In the end, brew for what YOU like to drink. If you find your APA is too malty/sweet or not enough, you can make adjustments next time.
+1 here. If you don't brew this and taste it you will never know. Your recipe is fine for an APA. It's the whole process not just the grains. Mash temp comes into play as well. If it ends up too sweet, has too much body, etc. Then adjust it for your next APA.
Some grain stuff.....
CaraPils
Another malt used to increase foam, head retention, and body.
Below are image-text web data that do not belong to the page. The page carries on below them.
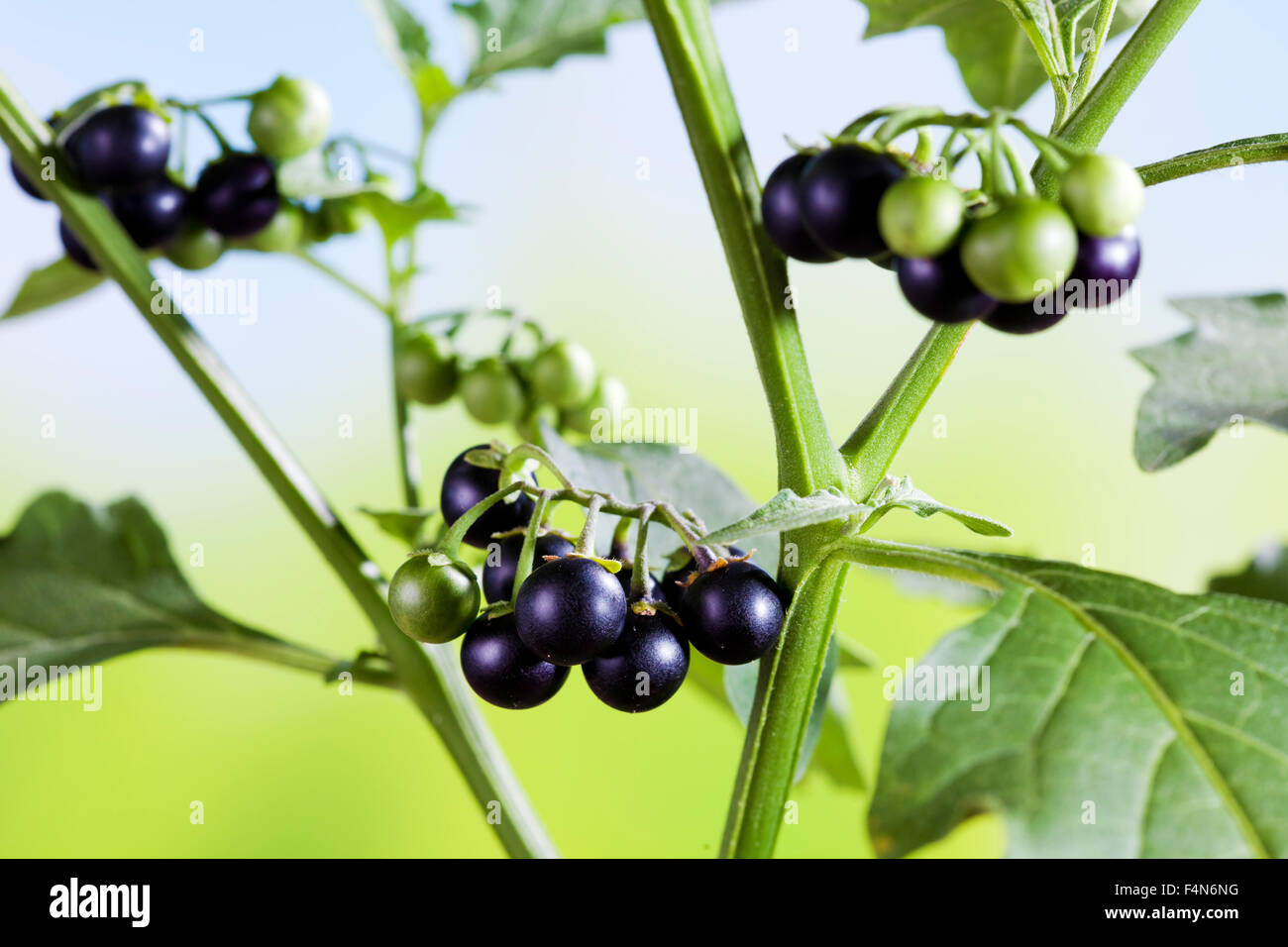 Erba Morella, Solanum nigrum, pianta velenosa, mature e frutti immaturi Foto Stock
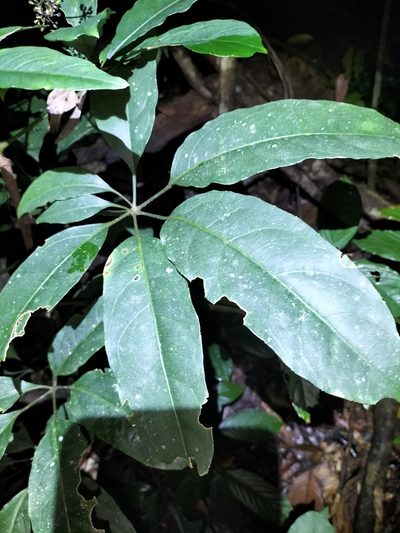 Mackinlaya confusa, photographed by Matthew Borella
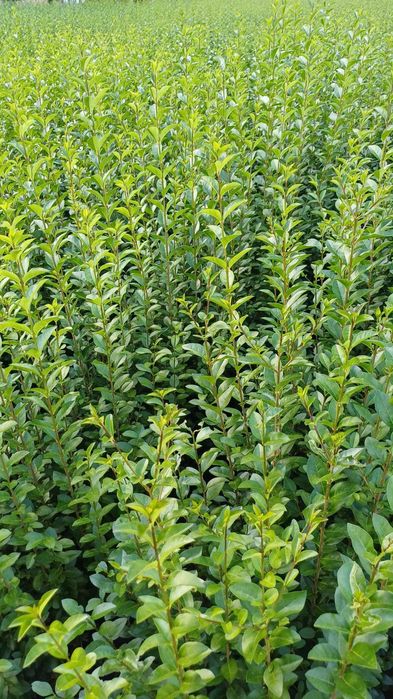 Лигуструм на гол корен за жив плет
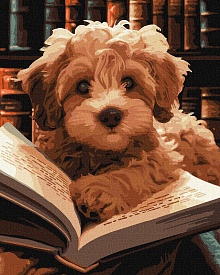 Набір для розпису по номерах. "Пухнастий читач" 40х50см - 1 - smarttoys.com.ua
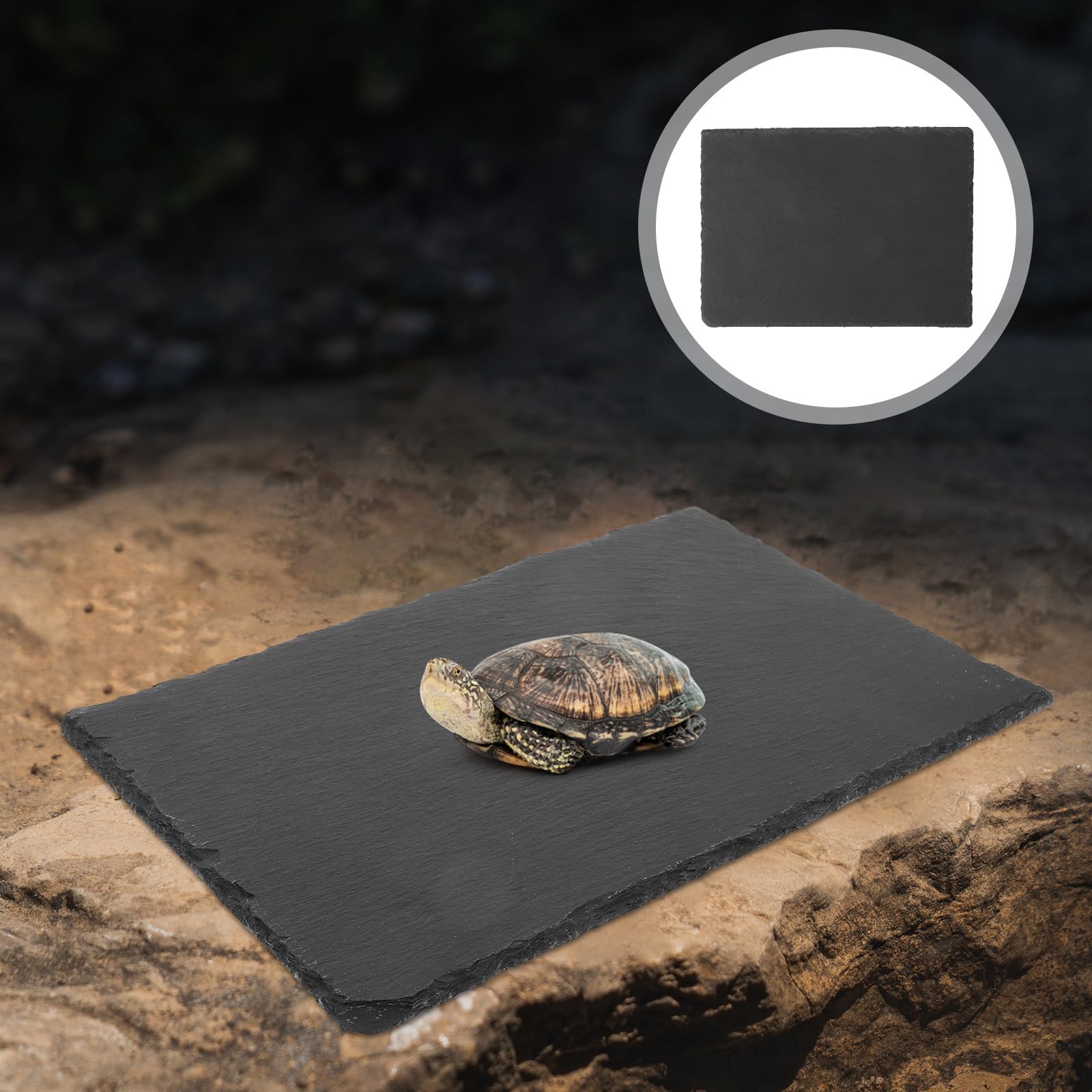 BESTonZON Sonnenplattform Schildkröte aus Naturstein 20x30cm Aquarium Reptilien Terrarium Zubehör
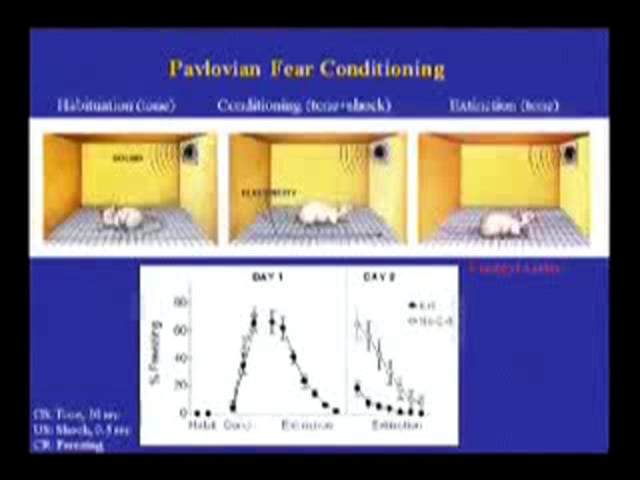 March 11, 2010 - The Neurobiology of Learning not to Fear: Implications to PTSD and Beyond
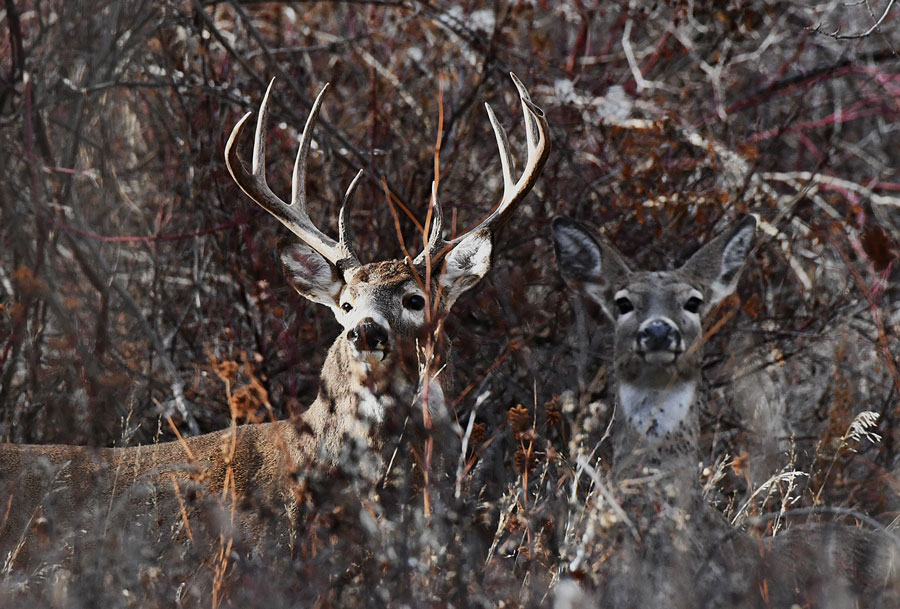 A doe joined the large buck in the thick brush.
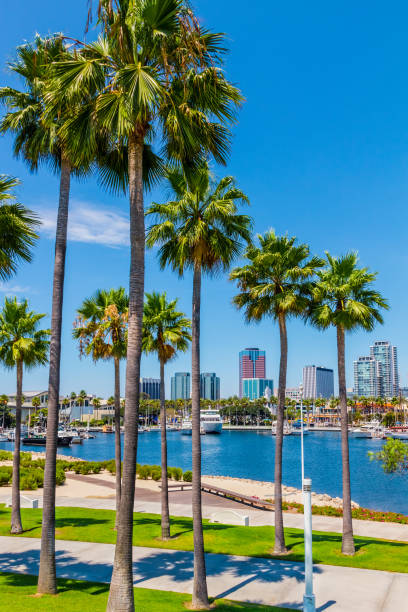 Long Beach waterfront with skyline and harbor, CA Rainbow Harbor waterfront sits in front of the city skyline at Long Beach , California. Palm trees line one side of the marina and shops line the far side. The city peeks through the palm trees. long beach california photos stock pictures, royalty-free photos & images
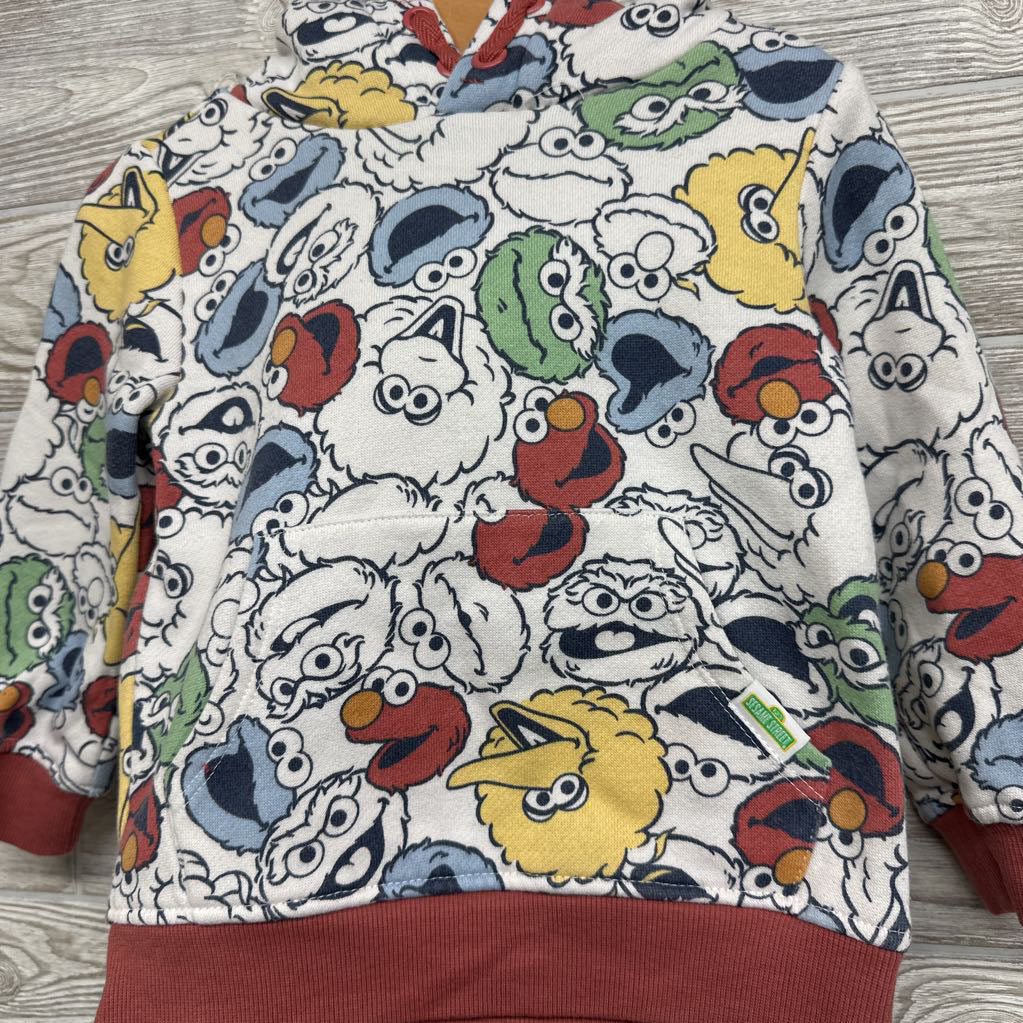 Character Hoodie & Sweatpants 2t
Crystal malt and Caramel malt
The terms Crystal malt and Caramel malt are used interchangeably to describe a type of grain that undergoes a special stewing process during malting resulting in a crystalline sugar structure inside the grain's hull. These grains give a sweet, caramel flavor to the finished beer and can almost always be used as steeping grains by extract brewers. This type of specialty grain can be easily made at home from any base malt.
Munich
Munich Malt has a malty sweet flavor characteristic and adds a reddish amber color to the beer. It has enough diastatic power to convert itself, but needs help from another malt, such as 2-row malt, to convert other grains.
Vienna
Vienna Malt is a kiln-dried barley malt darker than pale ale malt, but not as dark as Munich Malt. It imparts a golden to orange color and a distinctive toast or biscuit malt aroma to the beer.
Victory
Toasted malt that adds a "Nutty", "Biscuit", "Baking Bread" and/or toasted flavor to English ales.